- _Extracted records_:
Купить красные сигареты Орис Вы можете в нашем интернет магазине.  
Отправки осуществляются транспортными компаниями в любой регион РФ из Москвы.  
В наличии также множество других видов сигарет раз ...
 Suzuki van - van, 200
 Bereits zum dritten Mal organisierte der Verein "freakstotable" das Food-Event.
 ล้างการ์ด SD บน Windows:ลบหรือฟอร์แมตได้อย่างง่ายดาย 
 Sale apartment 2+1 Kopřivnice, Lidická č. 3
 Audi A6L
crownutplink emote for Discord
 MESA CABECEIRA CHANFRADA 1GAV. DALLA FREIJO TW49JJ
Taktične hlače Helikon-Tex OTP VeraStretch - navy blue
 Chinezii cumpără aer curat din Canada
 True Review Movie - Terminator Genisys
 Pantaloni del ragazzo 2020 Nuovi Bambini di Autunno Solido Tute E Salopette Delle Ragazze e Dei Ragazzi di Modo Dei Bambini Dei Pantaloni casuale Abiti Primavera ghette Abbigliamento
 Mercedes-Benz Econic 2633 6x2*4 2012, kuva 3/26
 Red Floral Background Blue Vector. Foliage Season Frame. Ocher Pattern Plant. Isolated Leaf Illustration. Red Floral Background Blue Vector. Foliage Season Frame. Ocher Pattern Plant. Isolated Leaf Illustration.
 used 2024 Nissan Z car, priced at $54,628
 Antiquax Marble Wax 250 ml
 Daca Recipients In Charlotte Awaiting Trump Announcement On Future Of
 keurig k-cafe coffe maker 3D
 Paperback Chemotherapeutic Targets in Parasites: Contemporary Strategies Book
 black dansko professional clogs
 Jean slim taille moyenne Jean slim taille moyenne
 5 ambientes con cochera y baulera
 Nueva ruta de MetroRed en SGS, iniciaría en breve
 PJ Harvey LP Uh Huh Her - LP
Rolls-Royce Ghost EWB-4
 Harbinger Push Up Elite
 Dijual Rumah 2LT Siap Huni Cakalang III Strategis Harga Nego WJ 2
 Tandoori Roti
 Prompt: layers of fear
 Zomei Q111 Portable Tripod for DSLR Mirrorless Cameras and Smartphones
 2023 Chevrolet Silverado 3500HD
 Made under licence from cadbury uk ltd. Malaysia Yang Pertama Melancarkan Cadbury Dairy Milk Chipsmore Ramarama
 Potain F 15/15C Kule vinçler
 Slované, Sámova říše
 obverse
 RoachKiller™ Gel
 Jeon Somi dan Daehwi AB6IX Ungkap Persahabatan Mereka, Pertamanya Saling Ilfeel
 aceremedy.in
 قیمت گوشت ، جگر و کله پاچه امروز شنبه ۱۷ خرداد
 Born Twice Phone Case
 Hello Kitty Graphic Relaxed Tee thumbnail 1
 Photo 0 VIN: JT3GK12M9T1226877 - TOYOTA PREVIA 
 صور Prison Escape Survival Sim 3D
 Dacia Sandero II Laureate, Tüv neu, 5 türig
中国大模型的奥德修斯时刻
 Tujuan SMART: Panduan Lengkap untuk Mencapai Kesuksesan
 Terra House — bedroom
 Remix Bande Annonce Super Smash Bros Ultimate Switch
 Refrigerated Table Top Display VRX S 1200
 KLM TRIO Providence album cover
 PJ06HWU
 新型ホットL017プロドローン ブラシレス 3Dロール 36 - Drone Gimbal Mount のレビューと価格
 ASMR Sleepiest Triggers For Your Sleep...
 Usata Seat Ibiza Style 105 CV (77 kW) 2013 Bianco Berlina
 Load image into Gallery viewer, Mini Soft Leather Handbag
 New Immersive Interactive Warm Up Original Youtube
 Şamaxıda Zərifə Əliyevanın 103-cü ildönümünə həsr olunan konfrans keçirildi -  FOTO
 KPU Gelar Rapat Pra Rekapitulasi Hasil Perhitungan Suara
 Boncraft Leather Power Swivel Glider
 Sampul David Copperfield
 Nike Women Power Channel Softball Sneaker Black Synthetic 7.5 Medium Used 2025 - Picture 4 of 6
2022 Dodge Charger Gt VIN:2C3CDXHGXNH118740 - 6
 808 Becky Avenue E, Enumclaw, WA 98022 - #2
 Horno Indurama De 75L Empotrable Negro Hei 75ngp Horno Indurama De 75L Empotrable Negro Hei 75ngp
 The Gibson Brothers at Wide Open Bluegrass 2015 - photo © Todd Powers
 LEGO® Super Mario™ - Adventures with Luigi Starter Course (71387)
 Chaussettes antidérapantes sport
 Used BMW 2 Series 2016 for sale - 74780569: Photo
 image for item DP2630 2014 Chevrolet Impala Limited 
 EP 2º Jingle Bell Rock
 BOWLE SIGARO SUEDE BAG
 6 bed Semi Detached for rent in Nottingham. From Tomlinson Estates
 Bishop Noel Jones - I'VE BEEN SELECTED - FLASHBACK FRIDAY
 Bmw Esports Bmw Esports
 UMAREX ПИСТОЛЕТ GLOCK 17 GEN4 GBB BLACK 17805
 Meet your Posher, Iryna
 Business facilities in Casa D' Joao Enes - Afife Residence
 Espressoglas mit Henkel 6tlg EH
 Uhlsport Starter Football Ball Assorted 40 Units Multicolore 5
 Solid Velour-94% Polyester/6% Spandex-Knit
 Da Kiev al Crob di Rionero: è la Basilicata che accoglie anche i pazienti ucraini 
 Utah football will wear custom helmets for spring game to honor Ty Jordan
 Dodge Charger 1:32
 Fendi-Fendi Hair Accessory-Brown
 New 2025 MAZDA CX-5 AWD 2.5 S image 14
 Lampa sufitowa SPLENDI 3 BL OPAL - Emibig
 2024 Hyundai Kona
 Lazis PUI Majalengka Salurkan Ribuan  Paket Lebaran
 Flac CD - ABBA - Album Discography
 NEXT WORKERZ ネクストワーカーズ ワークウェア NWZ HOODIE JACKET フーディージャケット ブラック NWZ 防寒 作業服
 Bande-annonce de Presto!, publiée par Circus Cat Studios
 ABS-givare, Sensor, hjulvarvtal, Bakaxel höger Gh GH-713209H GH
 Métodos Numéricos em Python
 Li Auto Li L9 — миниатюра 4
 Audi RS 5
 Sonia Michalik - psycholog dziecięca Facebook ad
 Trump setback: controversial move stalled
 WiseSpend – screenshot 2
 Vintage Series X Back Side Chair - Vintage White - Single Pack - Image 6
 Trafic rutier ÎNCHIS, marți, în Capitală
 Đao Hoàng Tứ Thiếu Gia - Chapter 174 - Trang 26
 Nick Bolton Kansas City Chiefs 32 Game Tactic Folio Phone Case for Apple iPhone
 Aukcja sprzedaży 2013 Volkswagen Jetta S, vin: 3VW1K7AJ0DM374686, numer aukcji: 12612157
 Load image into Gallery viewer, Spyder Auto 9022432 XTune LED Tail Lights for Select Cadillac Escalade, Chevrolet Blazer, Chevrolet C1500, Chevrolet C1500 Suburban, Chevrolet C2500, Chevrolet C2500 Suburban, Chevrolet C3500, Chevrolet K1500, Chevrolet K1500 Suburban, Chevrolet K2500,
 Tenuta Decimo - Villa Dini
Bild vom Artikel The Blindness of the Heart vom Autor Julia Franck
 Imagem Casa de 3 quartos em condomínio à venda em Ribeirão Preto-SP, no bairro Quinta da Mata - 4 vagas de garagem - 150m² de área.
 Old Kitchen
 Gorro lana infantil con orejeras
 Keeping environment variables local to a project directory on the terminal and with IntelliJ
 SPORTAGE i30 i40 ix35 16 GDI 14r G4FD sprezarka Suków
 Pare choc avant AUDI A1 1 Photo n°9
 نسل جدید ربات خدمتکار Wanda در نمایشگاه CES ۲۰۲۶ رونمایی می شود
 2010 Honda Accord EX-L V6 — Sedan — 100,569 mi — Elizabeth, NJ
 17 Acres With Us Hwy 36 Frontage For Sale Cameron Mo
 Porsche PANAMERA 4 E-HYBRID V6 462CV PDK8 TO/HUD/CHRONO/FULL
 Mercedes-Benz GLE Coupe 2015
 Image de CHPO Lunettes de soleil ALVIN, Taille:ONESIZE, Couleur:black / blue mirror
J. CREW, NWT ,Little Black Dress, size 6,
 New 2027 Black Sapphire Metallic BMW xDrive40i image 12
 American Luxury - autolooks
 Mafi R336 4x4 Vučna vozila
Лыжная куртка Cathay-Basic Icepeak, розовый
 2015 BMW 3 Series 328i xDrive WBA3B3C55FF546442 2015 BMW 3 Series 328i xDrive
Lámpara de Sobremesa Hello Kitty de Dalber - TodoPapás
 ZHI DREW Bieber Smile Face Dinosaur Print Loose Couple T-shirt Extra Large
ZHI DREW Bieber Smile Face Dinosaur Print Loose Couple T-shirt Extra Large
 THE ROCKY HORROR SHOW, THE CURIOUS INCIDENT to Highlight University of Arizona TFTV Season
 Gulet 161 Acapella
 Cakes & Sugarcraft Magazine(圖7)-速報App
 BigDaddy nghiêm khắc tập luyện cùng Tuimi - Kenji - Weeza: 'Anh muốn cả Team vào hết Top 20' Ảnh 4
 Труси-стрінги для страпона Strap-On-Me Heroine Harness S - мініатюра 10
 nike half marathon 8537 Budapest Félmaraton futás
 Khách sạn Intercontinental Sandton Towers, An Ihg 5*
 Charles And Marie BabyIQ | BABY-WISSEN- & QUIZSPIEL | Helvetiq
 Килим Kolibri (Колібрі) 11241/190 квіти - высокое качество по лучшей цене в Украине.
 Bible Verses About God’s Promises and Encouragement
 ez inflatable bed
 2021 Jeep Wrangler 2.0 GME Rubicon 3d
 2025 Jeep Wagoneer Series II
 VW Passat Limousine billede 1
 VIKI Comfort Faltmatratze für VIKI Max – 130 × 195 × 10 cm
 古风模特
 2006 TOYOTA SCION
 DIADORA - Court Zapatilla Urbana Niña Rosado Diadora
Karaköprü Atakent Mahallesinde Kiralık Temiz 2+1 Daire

- _Work item_:
Produce the lines from the top of the listing through the "2023 Chevrolet Silverado 3500HD" line exactly as they appear, with no additional output.

- _Solution to this task_:
Купить красные сигареты Орис Вы можете в нашем интернет магазине.  
Отправки осуществляются транспортными компаниями в любой регион РФ из Москвы.  
В наличии также множество других видов сигарет раз ...
 Suzuki van - van, 200
 Bereits zum dritten Mal organisierte der Verein "freakstotable" das Food-Event.
 ล้างการ์ด SD บน Windows:ลบหรือฟอร์แมตได้อย่างง่ายดาย 
 Sale apartment 2+1 Kopřivnice, Lidická č. 3
 Audi A6L
crownutplink emote for Discord
 MESA CABECEIRA CHANFRADA 1GAV. DALLA FREIJO TW49JJ
Taktične hlače Helikon-Tex OTP VeraStretch - navy blue
 Chinezii cumpără aer curat din Canada
 True Review Movie - Terminator Genisys
 Pantaloni del ragazzo 2020 Nuovi Bambini di Autunno Solido Tute E Salopette Delle Ragazze e Dei Ragazzi di Modo Dei Bambini Dei Pantaloni casuale Abiti Primavera ghette Abbigliamento
 Mercedes-Benz Econic 2633 6x2*4 2012, kuva 3/26
 Red Floral Background Blue Vector. Foliage Season Frame. Ocher Pattern Plant. Isolated Leaf Illustration. Red Floral Background Blue Vector. Foliage Season Frame. Ocher Pattern Plant. Isolated Leaf Illustration.
 used 2024 Nissan Z car, priced at $54,628
 Antiquax Marble Wax 250 ml
 Daca Recipients In Charlotte Awaiting Trump Announcement On Future Of
 keurig k-cafe coffe maker 3D
 Paperback Chemotherapeutic Targets in Parasites: Contemporary Strategies Book
 black dansko professional clogs
 Jean slim taille moyenne Jean slim taille moyenne
 5 ambientes con cochera y baulera
 Nueva ruta de MetroRed en SGS, iniciaría en breve
 PJ Harvey LP Uh Huh Her - LP
Rolls-Royce Ghost EWB-4
 Harbinger Push Up Elite
 Dijual Rumah 2LT Siap Huni Cakalang III Strategis Harga Nego WJ 2
 Tandoori Roti
 Prompt: layers of fear
 Zomei Q111 Portable Tripod for DSLR Mirrorless Cameras and Smartphones
 2023 Chevrolet Silverado 3500HD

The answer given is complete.